# Handling unknown scale in structure from motion initialization

I am trying to establish a structure from motion pipeline, and am struggling a bit regarding the initialization/bootstrapping of such a system, more specifically how to handle ambiguous scale differences between image pairs.

My goal is to generate input information for e.g. cvsba (http://www.uco.es/investiga/grupos/av...), for further refinement. Required input is the following:

- Initial intrinsic/extrinsic calibrations for all cameras.
- Image positions and corresponding initial 3D locations.

For simplicity say I have 3 overlapping images of an object. I know the intrinsic calibration (roughly). Image #1 overlaps Image #2, Image #2 overlaps Image #3. Camera undergoes general motion.

To initialize the system, I have done the following:

- Find (sparse) correspondences between #1 and #2 using keypoint matching.
- Compute essential matrix between #1 and #2 (using findEssentialMatrix(...)).
- Recover extrinsic calibration of camera 2 (assuming camera 1 is at origo using recoverPose(...) ).
- Triangulate all the correspondences using projective matrices of camera #1 and camera #2 (using triangulatePoints(...)

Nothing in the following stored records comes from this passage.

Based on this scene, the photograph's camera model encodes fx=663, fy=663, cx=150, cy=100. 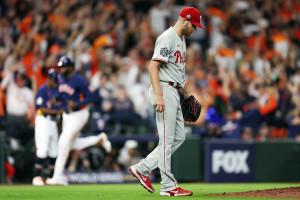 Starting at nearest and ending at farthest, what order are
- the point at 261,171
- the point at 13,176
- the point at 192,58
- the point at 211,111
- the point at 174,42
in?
the point at 174,42 → the point at 13,176 → the point at 261,171 → the point at 211,111 → the point at 192,58

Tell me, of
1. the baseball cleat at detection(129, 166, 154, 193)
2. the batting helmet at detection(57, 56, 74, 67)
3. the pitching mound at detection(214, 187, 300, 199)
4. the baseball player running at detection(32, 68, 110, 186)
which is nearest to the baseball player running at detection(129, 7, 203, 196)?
the baseball cleat at detection(129, 166, 154, 193)

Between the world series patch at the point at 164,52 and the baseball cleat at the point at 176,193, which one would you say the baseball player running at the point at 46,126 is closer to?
the baseball cleat at the point at 176,193

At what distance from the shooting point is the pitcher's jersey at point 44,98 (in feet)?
41.7

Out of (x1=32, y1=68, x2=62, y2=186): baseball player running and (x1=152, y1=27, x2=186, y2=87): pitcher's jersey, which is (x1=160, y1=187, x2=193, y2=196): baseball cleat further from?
(x1=32, y1=68, x2=62, y2=186): baseball player running

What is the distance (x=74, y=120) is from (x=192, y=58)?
28.2ft

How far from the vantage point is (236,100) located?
1786cm

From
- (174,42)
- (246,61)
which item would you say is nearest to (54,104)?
(174,42)

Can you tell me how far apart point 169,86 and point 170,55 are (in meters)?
0.39

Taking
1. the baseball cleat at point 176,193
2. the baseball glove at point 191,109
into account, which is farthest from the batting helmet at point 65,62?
the baseball cleat at point 176,193

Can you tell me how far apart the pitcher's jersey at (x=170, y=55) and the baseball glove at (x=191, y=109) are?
1.47 ft

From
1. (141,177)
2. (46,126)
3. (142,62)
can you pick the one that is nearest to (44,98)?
(46,126)

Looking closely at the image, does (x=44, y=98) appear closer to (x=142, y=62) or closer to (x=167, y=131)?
(x=167, y=131)

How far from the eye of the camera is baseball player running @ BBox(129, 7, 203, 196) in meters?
8.23

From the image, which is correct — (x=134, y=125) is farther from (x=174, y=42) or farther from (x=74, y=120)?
(x=174, y=42) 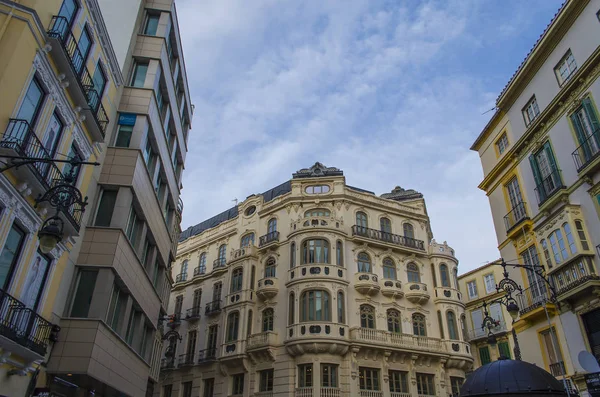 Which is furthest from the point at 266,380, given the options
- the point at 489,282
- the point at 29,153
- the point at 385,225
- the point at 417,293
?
the point at 29,153

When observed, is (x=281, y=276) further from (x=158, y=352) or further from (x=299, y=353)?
(x=158, y=352)

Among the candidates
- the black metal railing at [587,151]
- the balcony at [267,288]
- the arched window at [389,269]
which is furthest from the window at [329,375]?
the black metal railing at [587,151]

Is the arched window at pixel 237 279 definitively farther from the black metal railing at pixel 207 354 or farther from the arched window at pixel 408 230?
the arched window at pixel 408 230

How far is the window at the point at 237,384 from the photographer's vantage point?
3440cm

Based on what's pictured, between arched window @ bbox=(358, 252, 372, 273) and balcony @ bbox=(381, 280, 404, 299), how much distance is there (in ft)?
5.45

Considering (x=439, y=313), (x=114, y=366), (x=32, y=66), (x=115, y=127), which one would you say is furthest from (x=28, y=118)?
(x=439, y=313)

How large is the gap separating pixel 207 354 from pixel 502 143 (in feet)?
89.0

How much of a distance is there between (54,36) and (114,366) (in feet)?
38.4

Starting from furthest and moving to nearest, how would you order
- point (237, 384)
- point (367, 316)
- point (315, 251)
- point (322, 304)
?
point (315, 251)
point (237, 384)
point (367, 316)
point (322, 304)

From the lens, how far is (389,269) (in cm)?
3753

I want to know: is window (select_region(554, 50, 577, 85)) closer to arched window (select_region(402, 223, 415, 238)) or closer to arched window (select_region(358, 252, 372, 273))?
arched window (select_region(358, 252, 372, 273))

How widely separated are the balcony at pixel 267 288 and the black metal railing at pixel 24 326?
21420 mm

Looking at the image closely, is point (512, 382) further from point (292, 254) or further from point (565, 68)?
point (292, 254)

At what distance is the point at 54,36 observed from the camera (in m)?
13.9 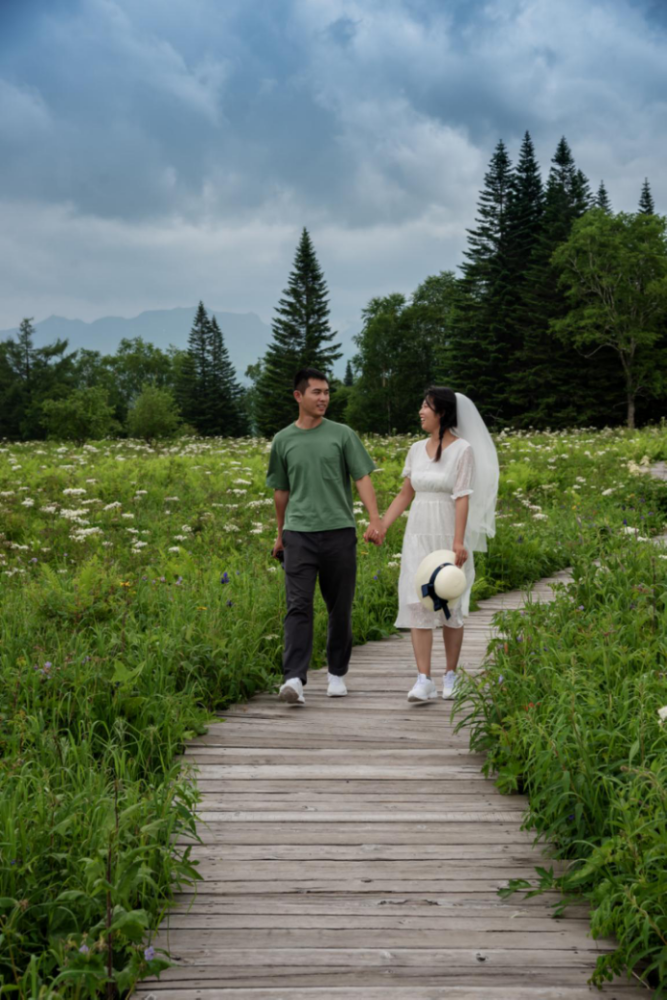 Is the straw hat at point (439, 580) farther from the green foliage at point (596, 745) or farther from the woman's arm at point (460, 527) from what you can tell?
the green foliage at point (596, 745)

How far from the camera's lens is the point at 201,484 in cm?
1272

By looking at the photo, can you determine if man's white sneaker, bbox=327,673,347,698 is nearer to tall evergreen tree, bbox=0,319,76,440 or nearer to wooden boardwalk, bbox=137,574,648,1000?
wooden boardwalk, bbox=137,574,648,1000

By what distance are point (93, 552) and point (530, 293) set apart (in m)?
42.4

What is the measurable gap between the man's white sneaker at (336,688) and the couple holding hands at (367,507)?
291 mm

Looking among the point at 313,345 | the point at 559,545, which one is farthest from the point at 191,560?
the point at 313,345

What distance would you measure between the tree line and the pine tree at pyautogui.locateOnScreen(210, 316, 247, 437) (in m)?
1.76

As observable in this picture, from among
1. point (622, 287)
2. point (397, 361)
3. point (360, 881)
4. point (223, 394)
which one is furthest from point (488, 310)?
point (360, 881)

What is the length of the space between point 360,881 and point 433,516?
107 inches

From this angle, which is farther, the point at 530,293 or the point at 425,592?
the point at 530,293

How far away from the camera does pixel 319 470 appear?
5.34 m

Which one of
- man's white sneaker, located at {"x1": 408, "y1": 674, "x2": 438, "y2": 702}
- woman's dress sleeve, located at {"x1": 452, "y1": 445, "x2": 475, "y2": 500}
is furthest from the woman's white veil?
man's white sneaker, located at {"x1": 408, "y1": 674, "x2": 438, "y2": 702}

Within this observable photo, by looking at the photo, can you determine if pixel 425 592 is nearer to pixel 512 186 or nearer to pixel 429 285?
pixel 512 186

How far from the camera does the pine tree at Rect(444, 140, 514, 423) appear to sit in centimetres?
4775

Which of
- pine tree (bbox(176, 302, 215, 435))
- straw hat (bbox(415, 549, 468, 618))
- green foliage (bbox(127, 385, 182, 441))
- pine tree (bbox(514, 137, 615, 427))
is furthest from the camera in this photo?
pine tree (bbox(176, 302, 215, 435)) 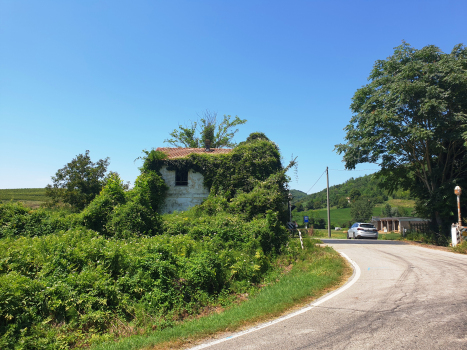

Then I repeat the procedure for the correspondences between #2 and #3. The problem is step 3 as the extrinsic camera translation is only recovered up-to an unknown scale, meaning that the triangulated points from step 4 are not comparable to the 3D points i triangulated in the first iteration. It seems I need to apply a scaling somewhere, but am unsure how approach this.